[Records contained in a dataset]
· · · · · · ·

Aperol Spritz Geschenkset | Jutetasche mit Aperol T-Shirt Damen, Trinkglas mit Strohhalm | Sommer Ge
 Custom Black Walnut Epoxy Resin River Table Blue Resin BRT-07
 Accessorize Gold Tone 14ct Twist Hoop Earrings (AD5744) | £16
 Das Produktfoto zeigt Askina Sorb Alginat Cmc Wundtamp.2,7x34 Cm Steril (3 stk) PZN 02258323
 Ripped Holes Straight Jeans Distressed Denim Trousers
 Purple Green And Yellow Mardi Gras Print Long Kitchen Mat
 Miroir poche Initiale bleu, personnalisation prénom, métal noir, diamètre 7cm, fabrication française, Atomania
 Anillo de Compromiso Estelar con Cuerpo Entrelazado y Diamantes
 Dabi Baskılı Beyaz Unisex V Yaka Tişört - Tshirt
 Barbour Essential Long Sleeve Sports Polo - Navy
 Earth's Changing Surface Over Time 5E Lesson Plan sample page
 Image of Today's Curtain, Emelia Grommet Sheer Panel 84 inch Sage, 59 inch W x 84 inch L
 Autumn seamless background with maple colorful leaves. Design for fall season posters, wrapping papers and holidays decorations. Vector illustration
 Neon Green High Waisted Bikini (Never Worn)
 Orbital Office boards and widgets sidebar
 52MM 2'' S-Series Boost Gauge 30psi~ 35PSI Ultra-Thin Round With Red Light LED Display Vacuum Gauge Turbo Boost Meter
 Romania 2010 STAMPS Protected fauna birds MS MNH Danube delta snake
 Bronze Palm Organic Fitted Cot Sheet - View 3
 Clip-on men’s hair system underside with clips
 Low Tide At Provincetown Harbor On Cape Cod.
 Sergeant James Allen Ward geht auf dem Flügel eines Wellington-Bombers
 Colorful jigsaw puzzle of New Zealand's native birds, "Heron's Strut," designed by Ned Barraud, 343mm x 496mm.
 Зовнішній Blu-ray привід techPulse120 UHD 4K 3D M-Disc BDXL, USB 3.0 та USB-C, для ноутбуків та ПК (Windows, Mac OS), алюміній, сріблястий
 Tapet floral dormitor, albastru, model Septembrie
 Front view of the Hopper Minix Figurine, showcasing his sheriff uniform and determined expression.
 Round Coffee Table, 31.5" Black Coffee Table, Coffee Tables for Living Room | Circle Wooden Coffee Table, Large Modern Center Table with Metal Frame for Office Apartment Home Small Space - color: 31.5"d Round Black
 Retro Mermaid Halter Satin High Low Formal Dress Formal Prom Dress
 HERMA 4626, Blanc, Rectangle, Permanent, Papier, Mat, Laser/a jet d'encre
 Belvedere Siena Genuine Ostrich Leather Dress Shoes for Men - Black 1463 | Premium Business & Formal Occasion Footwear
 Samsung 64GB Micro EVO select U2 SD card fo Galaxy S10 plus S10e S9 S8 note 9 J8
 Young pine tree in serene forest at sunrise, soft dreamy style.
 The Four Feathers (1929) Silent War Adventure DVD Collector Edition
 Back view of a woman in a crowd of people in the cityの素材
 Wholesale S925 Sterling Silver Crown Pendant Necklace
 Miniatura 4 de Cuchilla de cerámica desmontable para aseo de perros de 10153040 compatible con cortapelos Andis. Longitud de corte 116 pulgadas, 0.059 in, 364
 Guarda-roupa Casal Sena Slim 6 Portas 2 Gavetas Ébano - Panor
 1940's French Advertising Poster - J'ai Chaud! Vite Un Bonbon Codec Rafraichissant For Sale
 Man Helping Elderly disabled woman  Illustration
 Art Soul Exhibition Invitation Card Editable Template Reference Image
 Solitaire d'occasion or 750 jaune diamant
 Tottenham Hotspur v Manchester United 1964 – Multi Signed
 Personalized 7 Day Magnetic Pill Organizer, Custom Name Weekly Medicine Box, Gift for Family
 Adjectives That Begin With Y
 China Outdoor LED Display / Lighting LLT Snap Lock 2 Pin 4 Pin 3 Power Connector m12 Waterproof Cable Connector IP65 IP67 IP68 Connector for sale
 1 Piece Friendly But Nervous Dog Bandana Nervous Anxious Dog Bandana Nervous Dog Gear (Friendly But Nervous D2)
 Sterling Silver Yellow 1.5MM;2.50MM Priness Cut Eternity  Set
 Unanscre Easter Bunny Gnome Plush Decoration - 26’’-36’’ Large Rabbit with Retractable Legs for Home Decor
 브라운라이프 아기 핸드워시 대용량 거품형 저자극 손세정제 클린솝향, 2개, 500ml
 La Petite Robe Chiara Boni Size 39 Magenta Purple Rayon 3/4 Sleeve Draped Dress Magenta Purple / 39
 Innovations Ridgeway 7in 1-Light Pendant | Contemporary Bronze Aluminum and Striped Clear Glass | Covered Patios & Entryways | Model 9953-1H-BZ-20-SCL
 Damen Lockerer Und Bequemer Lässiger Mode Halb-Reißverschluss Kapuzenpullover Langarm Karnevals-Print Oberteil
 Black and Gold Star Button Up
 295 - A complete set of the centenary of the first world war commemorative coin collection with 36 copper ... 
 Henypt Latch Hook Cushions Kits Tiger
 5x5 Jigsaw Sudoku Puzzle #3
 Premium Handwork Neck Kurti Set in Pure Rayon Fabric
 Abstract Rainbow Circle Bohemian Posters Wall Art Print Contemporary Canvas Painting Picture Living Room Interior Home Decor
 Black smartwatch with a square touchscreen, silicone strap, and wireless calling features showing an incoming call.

· · · · · · ·

Once you find the line with "China Outdoor LED" in the entries above, output it and each line after it up to and including the line with "La Petite Robe", and nothing else.

§ **Response**
 China Outdoor LED Display / Lighting LLT Snap Lock 2 Pin 4 Pin 3 Power Connector m12 Waterproof Cable Connector IP65 IP67 IP68 Connector for sale
 1 Piece Friendly But Nervous Dog Bandana Nervous Anxious Dog Bandana Nervous Dog Gear (Friendly But Nervous D2)
 Sterling Silver Yellow 1.5MM;2.50MM Priness Cut Eternity  Set
 Unanscre Easter Bunny Gnome Plush Decoration - 26’’-36’’ Large Rabbit with Retractable Legs for Home Decor
 브라운라이프 아기 핸드워시 대용량 거품형 저자극 손세정제 클린솝향, 2개, 500ml
 La Petite Robe Chiara Boni Size 39 Magenta Purple Rayon 3/4 Sleeve Draped Dress Magenta Purple / 39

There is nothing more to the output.